I just got through “reading” Gretchen Rubin’s “The Four Tendencies”1 by audiobook while commuting back and forth to work in my truck. From the descriptions, I could instantly identify my own type, which made me wonder how this personality trait or tendency affects my effectiveness as an LRS EOM project manager.
Gretchen’s breakthrough framework consists of four distinct types, each with clarifying patterns of behavior. These categories are Upholder, Questioner, Obliger and Rebel. Where one lands in this range revolves around one’s propensity (or lack thereof) to conform to outer and inner expectations. It was surprising at first, but the author’s insight does make sense. The four tendencies explain why we act and why we don’t act.2 This in turn can translate into whether we succeed or fail; accomplish a task on time, late or never; whether we can persuade and influence others, etc.
Gretchen sums up each Tendency in a few words. Do you recognize yourself?

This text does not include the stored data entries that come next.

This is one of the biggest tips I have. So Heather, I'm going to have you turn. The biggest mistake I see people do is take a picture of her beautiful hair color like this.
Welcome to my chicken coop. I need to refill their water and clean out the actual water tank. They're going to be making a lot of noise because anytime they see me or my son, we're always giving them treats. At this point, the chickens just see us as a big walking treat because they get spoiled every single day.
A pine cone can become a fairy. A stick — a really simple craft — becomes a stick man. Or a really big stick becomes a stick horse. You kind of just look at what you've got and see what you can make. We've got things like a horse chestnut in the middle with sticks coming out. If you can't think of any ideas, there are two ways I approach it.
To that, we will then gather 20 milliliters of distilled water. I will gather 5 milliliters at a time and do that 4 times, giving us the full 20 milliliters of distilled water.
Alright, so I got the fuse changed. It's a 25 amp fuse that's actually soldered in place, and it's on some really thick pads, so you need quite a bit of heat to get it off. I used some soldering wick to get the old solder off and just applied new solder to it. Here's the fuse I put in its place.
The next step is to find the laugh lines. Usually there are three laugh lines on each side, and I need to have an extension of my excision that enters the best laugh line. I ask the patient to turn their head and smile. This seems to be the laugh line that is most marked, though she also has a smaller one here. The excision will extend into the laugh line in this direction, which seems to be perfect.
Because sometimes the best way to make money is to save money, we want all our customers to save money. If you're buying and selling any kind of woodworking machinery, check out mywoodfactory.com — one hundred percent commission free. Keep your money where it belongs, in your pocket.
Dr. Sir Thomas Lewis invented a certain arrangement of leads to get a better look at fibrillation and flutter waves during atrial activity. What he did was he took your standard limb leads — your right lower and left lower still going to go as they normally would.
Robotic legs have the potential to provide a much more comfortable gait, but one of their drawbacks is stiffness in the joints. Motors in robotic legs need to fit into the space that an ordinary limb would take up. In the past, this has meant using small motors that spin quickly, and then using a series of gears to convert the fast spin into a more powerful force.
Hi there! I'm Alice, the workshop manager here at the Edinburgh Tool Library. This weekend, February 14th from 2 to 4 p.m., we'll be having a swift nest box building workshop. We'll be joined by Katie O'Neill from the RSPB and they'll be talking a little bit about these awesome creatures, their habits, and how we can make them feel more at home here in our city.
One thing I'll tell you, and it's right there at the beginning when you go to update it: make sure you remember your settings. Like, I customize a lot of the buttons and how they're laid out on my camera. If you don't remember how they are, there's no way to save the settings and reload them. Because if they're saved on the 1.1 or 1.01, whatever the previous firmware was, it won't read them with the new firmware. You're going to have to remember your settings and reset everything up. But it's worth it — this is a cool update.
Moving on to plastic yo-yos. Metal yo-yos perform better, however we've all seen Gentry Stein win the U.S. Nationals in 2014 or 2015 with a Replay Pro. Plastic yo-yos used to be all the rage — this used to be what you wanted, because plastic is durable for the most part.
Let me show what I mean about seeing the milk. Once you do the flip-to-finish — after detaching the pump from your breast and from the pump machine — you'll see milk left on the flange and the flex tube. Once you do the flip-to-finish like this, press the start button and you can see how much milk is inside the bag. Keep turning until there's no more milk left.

- “Upholders want to know what should be done
- Questioners want justifications
- Obligers need accountability
- Rebels want freedom to do something their own way”3
This is another nugget for a PM’s toolkit, for sure! Try to identify the tendency of each member of your project team and those of your Customer. You can then adjust how you speak and ask questions, depending on the nature of the person with which you are interacting; in doing so, you’ll make the most of everyone’s strengths. This innovative approach may even favorably impact the project timeline! It should certainly create a more pleasant, less stressful and very productive experience for the entire team and can even be applied in one’s personal and social life.
Through awareness of these personality profiles, we can better understand ourselves (our true, hardwired nature that is not going to change) to create situations that suit our Tendency and be more successful. This also enables each of us to understand other people’s perspectives and be more accepting of the natural inclinations of co-workers.
Something as simple as adjusting one’s own approach may make all the difference. “We’re more likely to be persuasive when we invoke the values that have special appeal for a particular Tendency:
- Upholders value self-command and performance
- Questioners value justification and purpose
- Obligers value teamwork and duty
- Rebels value freedom and self-identity”4
“It’s far easier to succeed when you know what actually works – and why”.
Think how harmonious the workplace could be! Could it help lower blood pressures? Adhered-to timelines? (Oh, that it could be so!) Preserve one’s sanity? Increase tolerance of teammates’ idiosyncrasies?
Maybe we should all consider wearing name tags to reveal our Tendency. It might save time... Mine would read “Hello, my name is Cheryl and I’m an Obliger.”
Which tendency are you? Check out Gretchen’s thirteen-question quiz and find out today! https://quiz.gretchenrubin.com/
1 Gretchen Rubin ,The Four Tendencies The Indispensable Personality Profiles That Reveal How to Make Your Life Better (and Other People’s Lives Better, Too) (Harmony Books, 2017).
2 Rubin, The Four Tendencies, 12.
3 Rubin, The Four Tendencies , 229-230.
4 Rubin, The Four Tendencies , 230-231.